(Material for the task Opens)
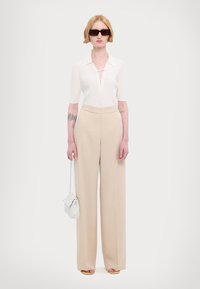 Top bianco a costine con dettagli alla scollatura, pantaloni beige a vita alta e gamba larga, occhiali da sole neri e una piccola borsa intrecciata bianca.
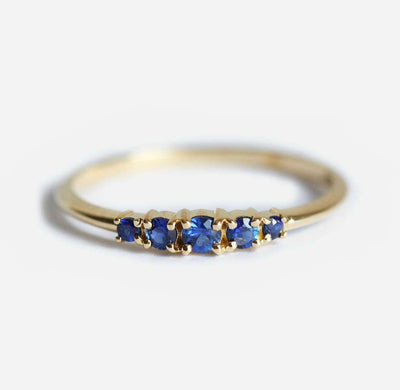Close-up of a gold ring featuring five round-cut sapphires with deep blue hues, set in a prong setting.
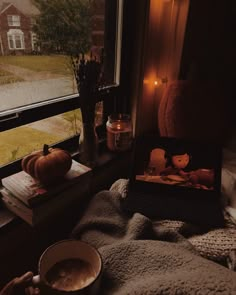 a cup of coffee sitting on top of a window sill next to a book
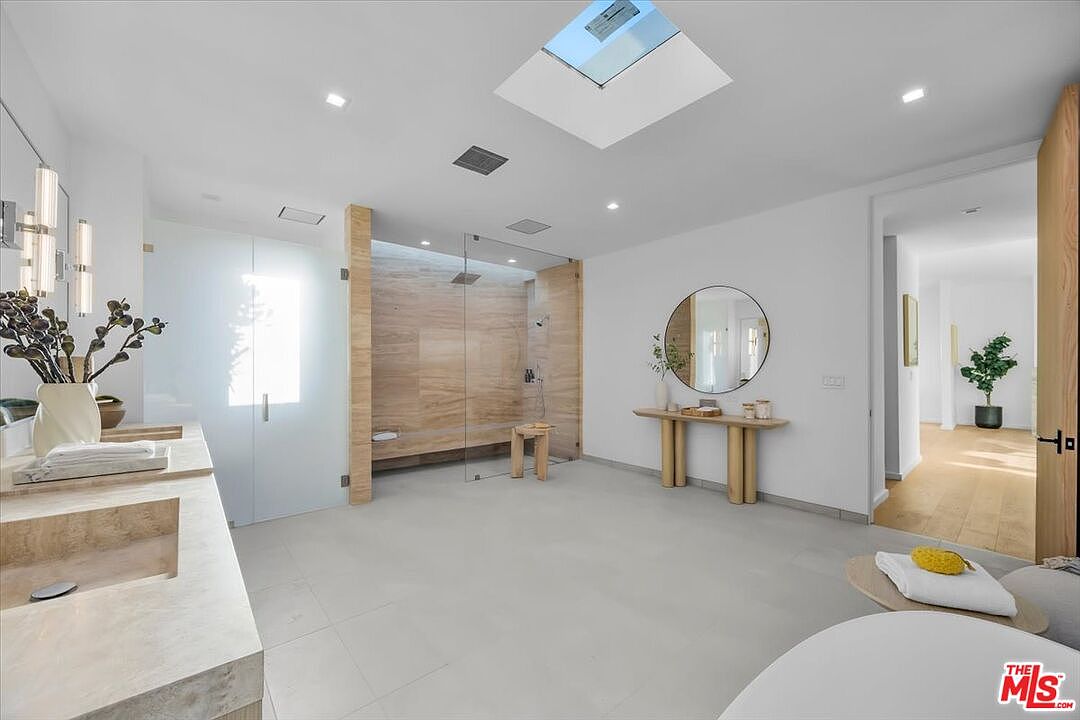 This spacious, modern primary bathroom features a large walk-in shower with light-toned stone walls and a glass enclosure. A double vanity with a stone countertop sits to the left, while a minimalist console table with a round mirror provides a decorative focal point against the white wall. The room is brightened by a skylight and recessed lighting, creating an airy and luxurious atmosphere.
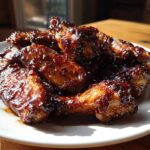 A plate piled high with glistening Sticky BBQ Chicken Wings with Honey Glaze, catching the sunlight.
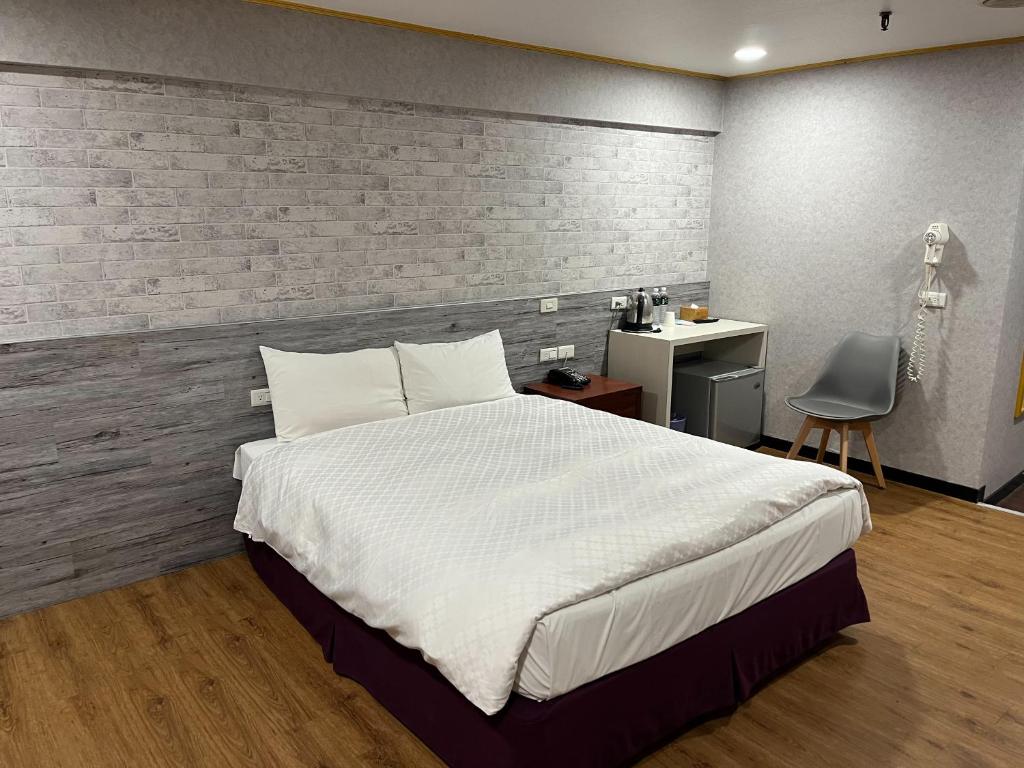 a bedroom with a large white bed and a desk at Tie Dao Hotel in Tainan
(Material for the task Closes)
(Material for the task Opens)
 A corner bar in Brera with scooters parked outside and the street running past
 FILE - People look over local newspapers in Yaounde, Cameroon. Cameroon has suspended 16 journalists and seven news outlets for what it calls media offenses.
(Material for the task Closes)
→ **Problem to work on**
Print everything from the line with "Top bianco a" down to the line with "This spacious, modern" in the entries above, both lines included and nothing more, without the pictures.

→ **Your response**
 Top bianco a costine con dettagli alla scollatura, pantaloni beige a vita alta e gamba larga, occhiali da sole neri e una piccola borsa intrecciata bianca.
Close-up of a gold ring featuring five round-cut sapphires with deep blue hues, set in a prong setting.
 a cup of coffee sitting on top of a window sill next to a book
 This spacious, modern primary bathroom features a large walk-in shower with light-toned stone walls and a glass enclosure. A double vanity with a stone countertop sits to the left, while a minimalist console table with a round mirror provides a decorative focal point against the white wall. The room is brightened by a skylight and recessed lighting, creating an airy and luxurious atmosphere.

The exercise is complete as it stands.